Data for this task
^^^^

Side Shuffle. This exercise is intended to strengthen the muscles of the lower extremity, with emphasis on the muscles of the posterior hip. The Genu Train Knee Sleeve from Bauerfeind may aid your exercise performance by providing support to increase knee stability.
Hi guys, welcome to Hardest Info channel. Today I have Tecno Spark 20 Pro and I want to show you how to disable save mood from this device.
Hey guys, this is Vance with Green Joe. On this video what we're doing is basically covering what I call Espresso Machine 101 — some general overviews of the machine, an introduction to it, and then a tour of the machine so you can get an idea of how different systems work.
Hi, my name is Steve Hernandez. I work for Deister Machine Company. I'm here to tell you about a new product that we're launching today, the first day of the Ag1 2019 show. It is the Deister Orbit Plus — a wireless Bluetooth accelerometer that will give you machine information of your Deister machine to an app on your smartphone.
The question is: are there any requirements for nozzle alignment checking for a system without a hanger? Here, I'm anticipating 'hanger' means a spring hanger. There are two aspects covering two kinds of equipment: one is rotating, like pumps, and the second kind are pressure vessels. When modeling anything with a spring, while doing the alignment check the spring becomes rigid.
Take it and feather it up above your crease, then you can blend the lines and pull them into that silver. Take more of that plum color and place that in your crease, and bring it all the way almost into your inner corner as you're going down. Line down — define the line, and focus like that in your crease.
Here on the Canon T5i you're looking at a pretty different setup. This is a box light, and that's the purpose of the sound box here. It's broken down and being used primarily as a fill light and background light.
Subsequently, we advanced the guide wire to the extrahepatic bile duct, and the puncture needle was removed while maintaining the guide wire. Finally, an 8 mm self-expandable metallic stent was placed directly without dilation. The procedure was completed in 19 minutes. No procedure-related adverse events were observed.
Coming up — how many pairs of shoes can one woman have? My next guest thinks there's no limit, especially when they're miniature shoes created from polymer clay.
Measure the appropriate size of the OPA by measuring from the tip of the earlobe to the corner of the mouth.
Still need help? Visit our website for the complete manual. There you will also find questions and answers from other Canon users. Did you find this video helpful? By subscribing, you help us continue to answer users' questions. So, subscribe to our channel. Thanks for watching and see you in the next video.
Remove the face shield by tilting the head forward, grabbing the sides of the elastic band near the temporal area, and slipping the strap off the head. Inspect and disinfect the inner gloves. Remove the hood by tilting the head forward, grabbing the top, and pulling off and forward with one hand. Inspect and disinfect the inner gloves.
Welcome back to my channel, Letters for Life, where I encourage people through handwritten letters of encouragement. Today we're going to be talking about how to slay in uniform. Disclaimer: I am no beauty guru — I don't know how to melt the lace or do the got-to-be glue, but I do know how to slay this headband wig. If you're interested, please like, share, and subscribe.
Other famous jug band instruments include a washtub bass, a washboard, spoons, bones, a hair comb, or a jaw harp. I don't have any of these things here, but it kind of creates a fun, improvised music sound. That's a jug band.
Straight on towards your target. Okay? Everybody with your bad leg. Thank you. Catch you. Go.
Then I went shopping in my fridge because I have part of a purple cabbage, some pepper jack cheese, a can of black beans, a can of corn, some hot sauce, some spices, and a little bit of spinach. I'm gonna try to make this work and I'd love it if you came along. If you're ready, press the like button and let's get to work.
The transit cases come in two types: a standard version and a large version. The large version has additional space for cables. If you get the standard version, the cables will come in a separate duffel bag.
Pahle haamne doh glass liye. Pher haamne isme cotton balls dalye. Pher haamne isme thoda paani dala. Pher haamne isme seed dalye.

^^^^

Exercise
Output all preceding records character for character.

Answer to the exercise
Side Shuffle. This exercise is intended to strengthen the muscles of the lower extremity, with emphasis on the muscles of the posterior hip. The Genu Train Knee Sleeve from Bauerfeind may aid your exercise performance by providing support to increase knee stability.
Hi guys, welcome to Hardest Info channel. Today I have Tecno Spark 20 Pro and I want to show you how to disable save mood from this device.
Hey guys, this is Vance with Green Joe. On this video what we're doing is basically covering what I call Espresso Machine 101 — some general overviews of the machine, an introduction to it, and then a tour of the machine so you can get an idea of how different systems work.
Hi, my name is Steve Hernandez. I work for Deister Machine Company. I'm here to tell you about a new product that we're launching today, the first day of the Ag1 2019 show. It is the Deister Orbit Plus — a wireless Bluetooth accelerometer that will give you machine information of your Deister machine to an app on your smartphone.
The question is: are there any requirements for nozzle alignment checking for a system without a hanger? Here, I'm anticipating 'hanger' means a spring hanger. There are two aspects covering two kinds of equipment: one is rotating, like pumps, and the second kind are pressure vessels. When modeling anything with a spring, while doing the alignment check the spring becomes rigid.
Take it and feather it up above your crease, then you can blend the lines and pull them into that silver. Take more of that plum color and place that in your crease, and bring it all the way almost into your inner corner as you're going down. Line down — define the line, and focus like that in your crease.
Here on the Canon T5i you're looking at a pretty different setup. This is a box light, and that's the purpose of the sound box here. It's broken down and being used primarily as a fill light and background light.
Subsequently, we advanced the guide wire to the extrahepatic bile duct, and the puncture needle was removed while maintaining the guide wire. Finally, an 8 mm self-expandable metallic stent was placed directly without dilation. The procedure was completed in 19 minutes. No procedure-related adverse events were observed.
Coming up — how many pairs of shoes can one woman have? My next guest thinks there's no limit, especially when they're miniature shoes created from polymer clay.
Measure the appropriate size of the OPA by measuring from the tip of the earlobe to the corner of the mouth.
Still need help? Visit our website for the complete manual. There you will also find questions and answers from other Canon users. Did you find this video helpful? By subscribing, you help us continue to answer users' questions. So, subscribe to our channel. Thanks for watching and see you in the next video.
Remove the face shield by tilting the head forward, grabbing the sides of the elastic band near the temporal area, and slipping the strap off the head. Inspect and disinfect the inner gloves. Remove the hood by tilting the head forward, grabbing the top, and pulling off and forward with one hand. Inspect and disinfect the inner gloves.
Welcome back to my channel, Letters for Life, where I encourage people through handwritten letters of encouragement. Today we're going to be talking about how to slay in uniform. Disclaimer: I am no beauty guru — I don't know how to melt the lace or do the got-to-be glue, but I do know how to slay this headband wig. If you're interested, please like, share, and subscribe.
Other famous jug band instruments include a washtub bass, a washboard, spoons, bones, a hair comb, or a jaw harp. I don't have any of these things here, but it kind of creates a fun, improvised music sound. That's a jug band.
Straight on towards your target. Okay? Everybody with your bad leg. Thank you. Catch you. Go.
Then I went shopping in my fridge because I have part of a purple cabbage, some pepper jack cheese, a can of black beans, a can of corn, some hot sauce, some spices, and a little bit of spinach. I'm gonna try to make this work and I'd love it if you came along. If you're ready, press the like button and let's get to work.
The transit cases come in two types: a standard version and a large version. The large version has additional space for cables. If you get the standard version, the cables will come in a separate duffel bag.
Pahle haamne doh glass liye. Pher haamne isme cotton balls dalye. Pher haamne isme thoda paani dala. Pher haamne isme seed dalye.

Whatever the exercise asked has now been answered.